There was a time early in my career when I could leave the house and take a business trip leaving work behind while traveling on a plane, only to land and have my pager go off, forcing me to run to a nearby payphone to catch up with your work issues.
Payphones are a thing of the past. In fact, if you want a good laugh, try showing a picture of a payphone to a Gen Z’er and ask them what it is?
Today we are all interconnected, either by cellphone, email, text messaging or social media, and on-call 24/7 even when traveling at 30,000 feet. Safety while traveling used to mean securing your purse or wallet, or credit card, avoiding shady motels, and crime-infested areas. That’s all still important. But traveling safely today also means protecting yourself when using public Wi-Fi.
When I think back on the number of times I jumped on a computer in a hotel’s business center without an ounce of concern, it brings chills. I didn’t realize back then that hackers could have used malware to steal my password after logging into my work email or checking a balance on one of my bank accounts.
Today you must guard your computer, tablet, or mobile device as your online passport. You’d never leave your passport or wallet lying around in a restaurant, airport or hotel lobby giving others access to your personal information. But by using unsecured public Wi-Fi while you travel, you could be exposing data that could make your online accounts vulnerable and put you at risk for identity theft.
Today more than ever, organizations face heightened cybersecurity risks when their employees are traveling on business. Business travelers are prime targets for cybercriminals, as they often carry valuable data and may not always be careful about securing their devices.
Business travelers’ laptops, smartphones, and tablets are particularly vulnerable to data breaches, loss, and theft. According to research from Morning Consult on behalf of IBM Security, more than 1 in 7 travelers have had their personal information stolen on the road or abroad.
Some common cyber threats that business travelers may encounter include publicly accessible hotel computers — 64% of business travelers have used their login credentials to access accounts on public and hotel computers.
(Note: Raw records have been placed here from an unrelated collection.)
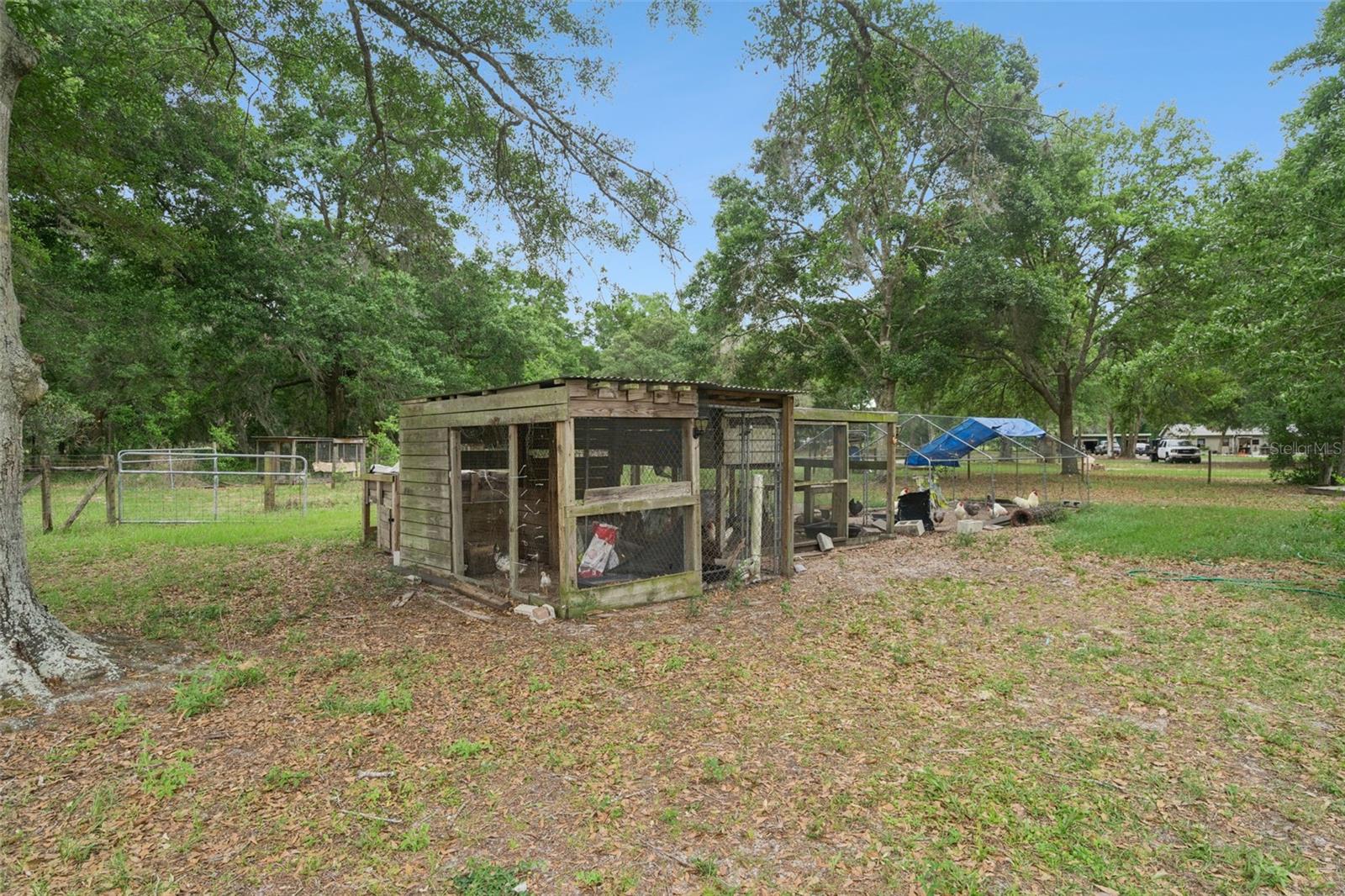 22726 WINTERWILLOW LN, EUSTIS, FL — photo 66
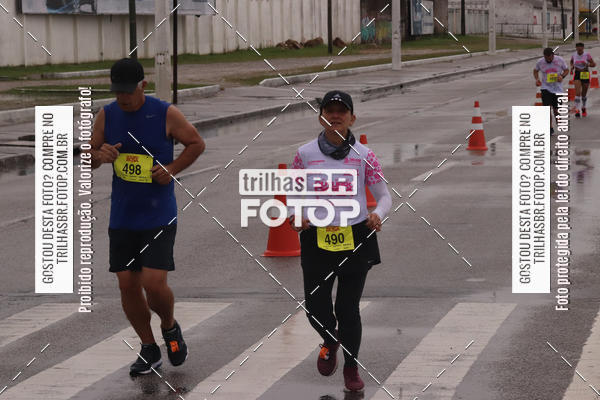 Buy your photos of the eventCorrida Outubro Rosa on Fotop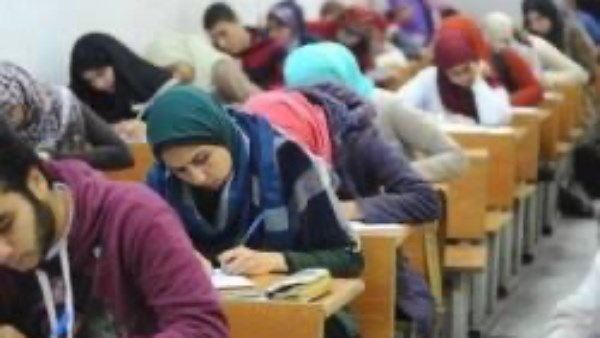 تعمل ايه لو ابنك جاب مجموع قليل فى الثانوية العامة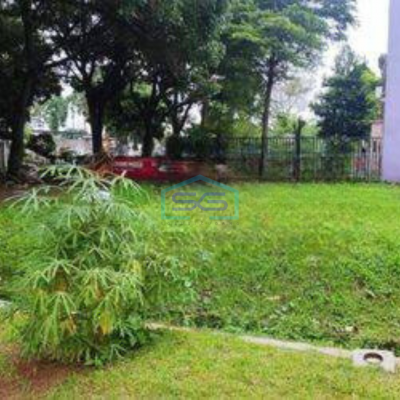 Dijual Tanah di Citra Garden 2 ext Jakarta Dekat Palem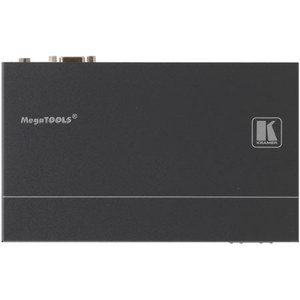 Kramer Electronics TP-581T HDMI TP-581T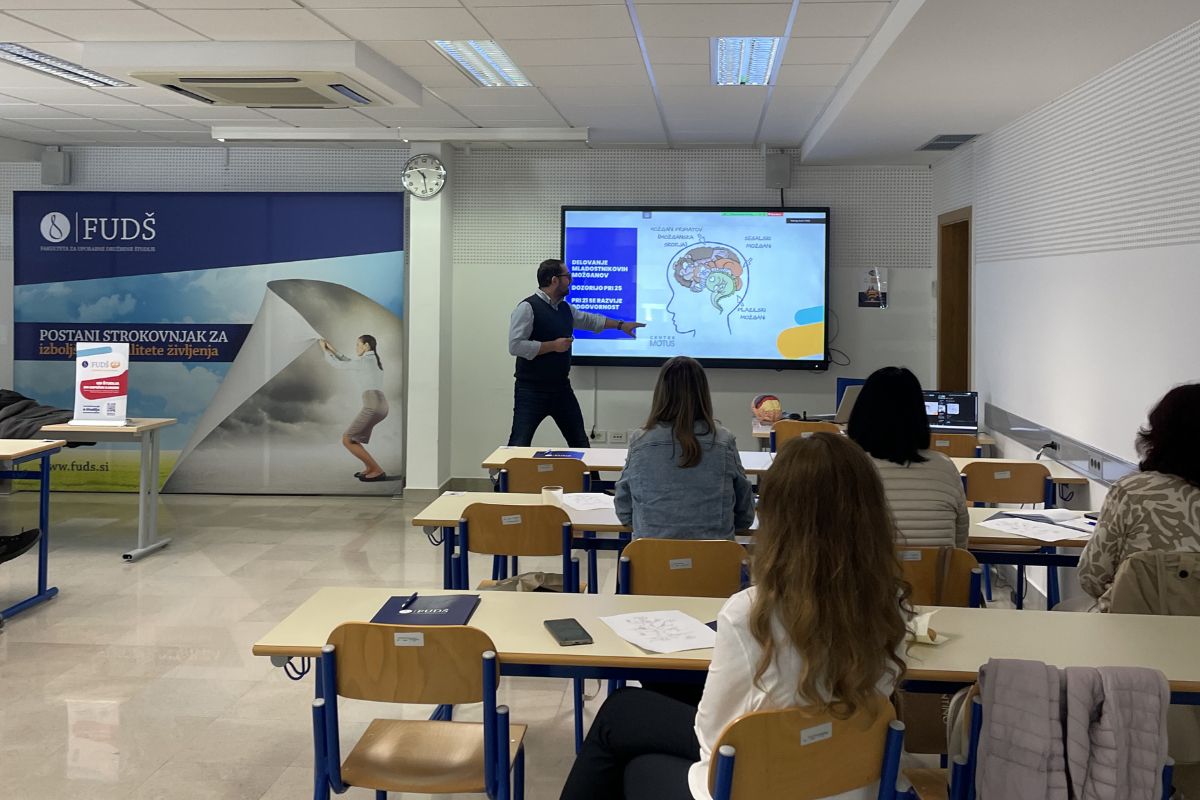 Untitled design (47)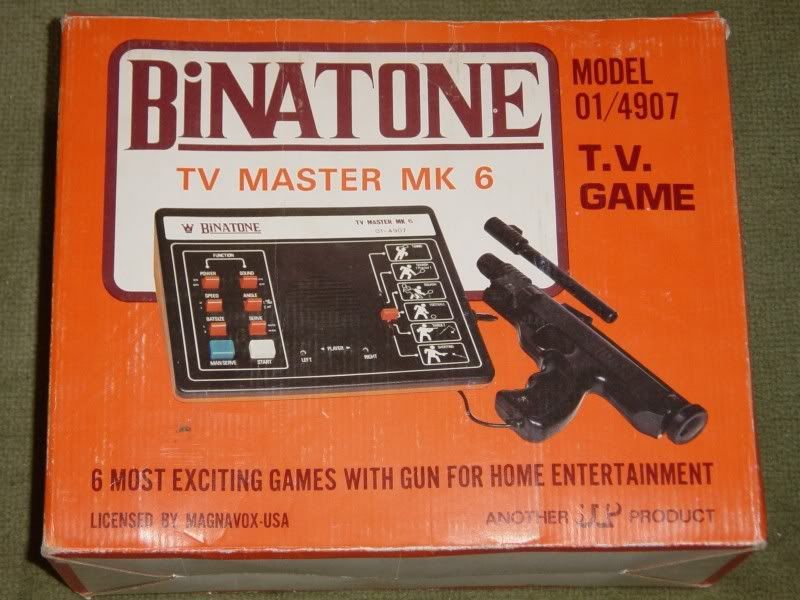 094_Binatone_TV_Master_MK6_Box.jpg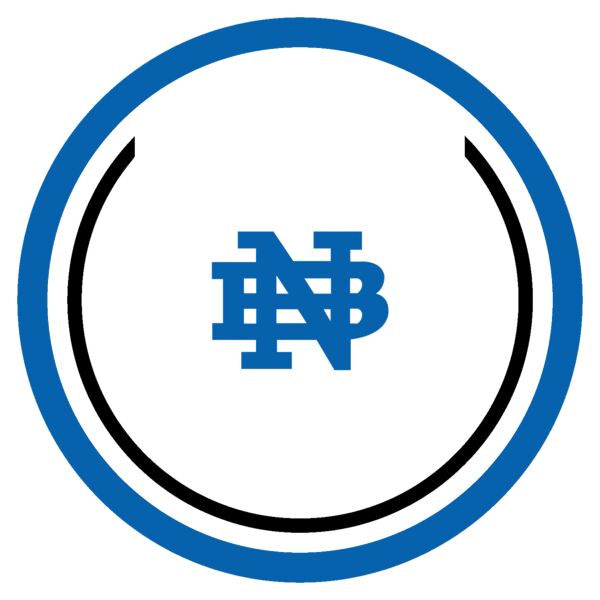 Sport Patch Nuview Bridge Logo Thumbnail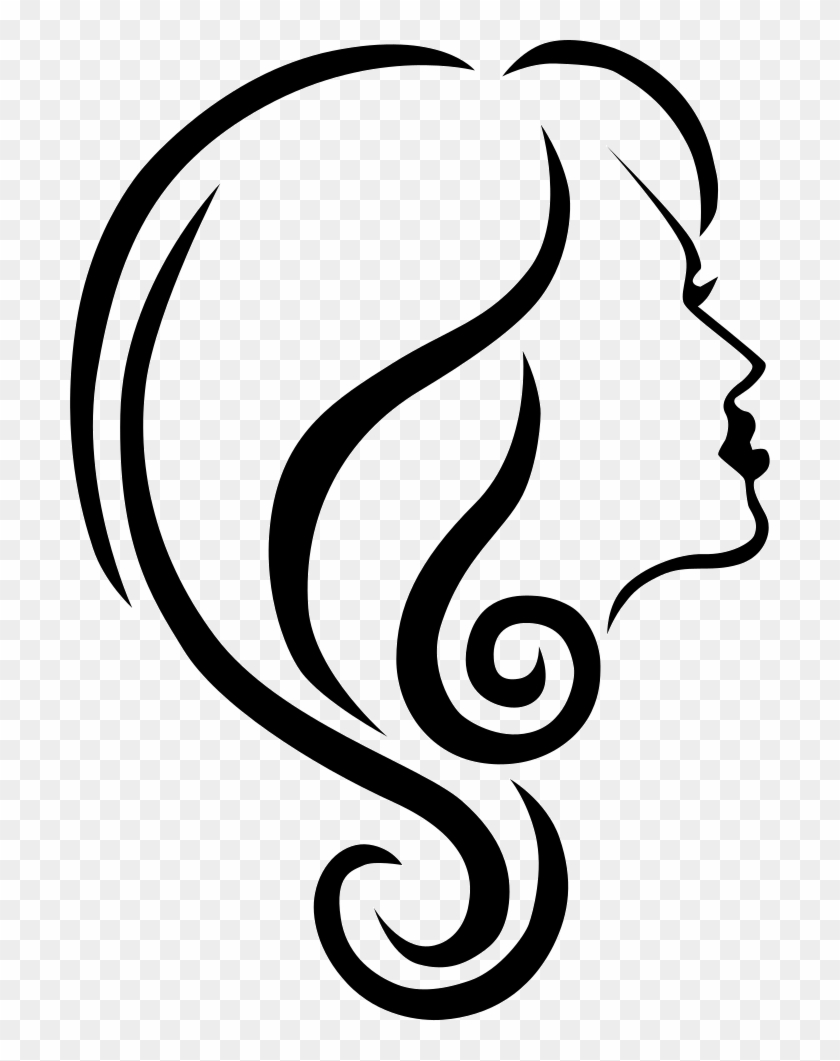 Png File Svg - Beautiful Png Icon Clipart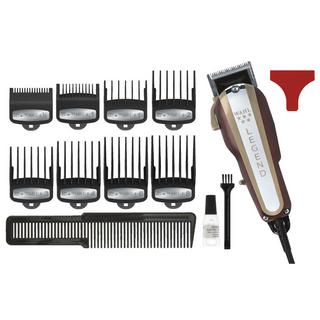 Wahl Professional Legend, 5 stelle  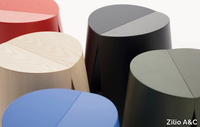 Zilio-AC_AX_CXOqjiF7Kb.jpeg thumb image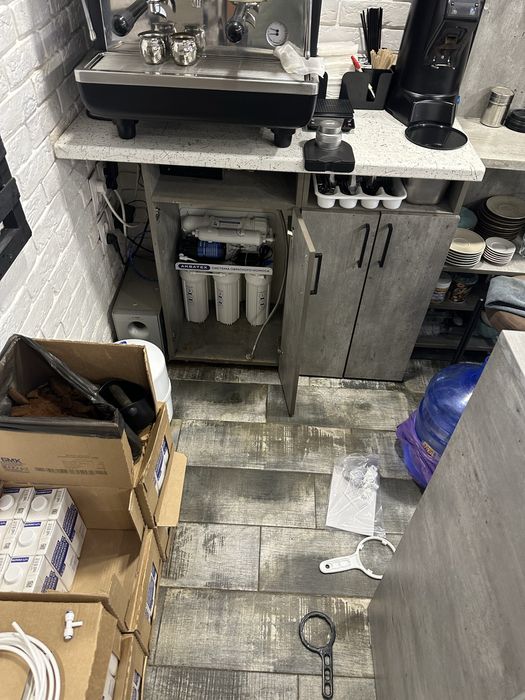 Мастер на час/электрик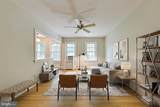 5402 Connecticut Avenue - Photo 6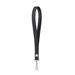 Wrist Strap – Black MKFA4ZM/A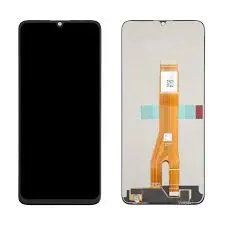 Honor pantalla original sin mrco para X7A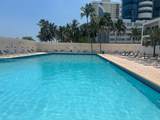 6345 Collins Ave - Photo 10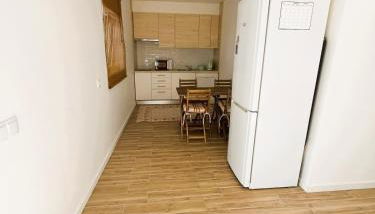 Cortecasa, between the sea and nature - Foto 5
Public computers often lack sufficient security capabilities and may be infected with malware just waiting to steal your information. Hotels specialize in hospitality not information security.
Remember there is no guarantee that the person who set up the hotel’s business center or WIFI system actually installed, turned on, and updated the security features. It’s not their information that they are protecting, and they don’t have a vested interest in protecting your information.
Hackers are finding innovative ways to gain unauthorized access to personal information or company data. However, one of the simplest ways to do so is through an unsecured Wi-Fi network. According to IBM X-Force Incident Response and Intelligence Services (IRIS), 84% of business travelers connect to public Wi-Fi networks. While convenient, public Wi-Fi networks are unsecured and can allow cybercriminals easier access to connected devices — as well as the data stored on them — than private Wi-Fi networks.
When a Wi-Fi hotspot is unsecured, that means the data you transmit or receive is unprotected. Anybody on the same network could spy on your information if they have the know-how. If you do decide to use free public Wi-Fi, be careful about the types of sites you visit. It’s safest not to log in to any sites that require a password.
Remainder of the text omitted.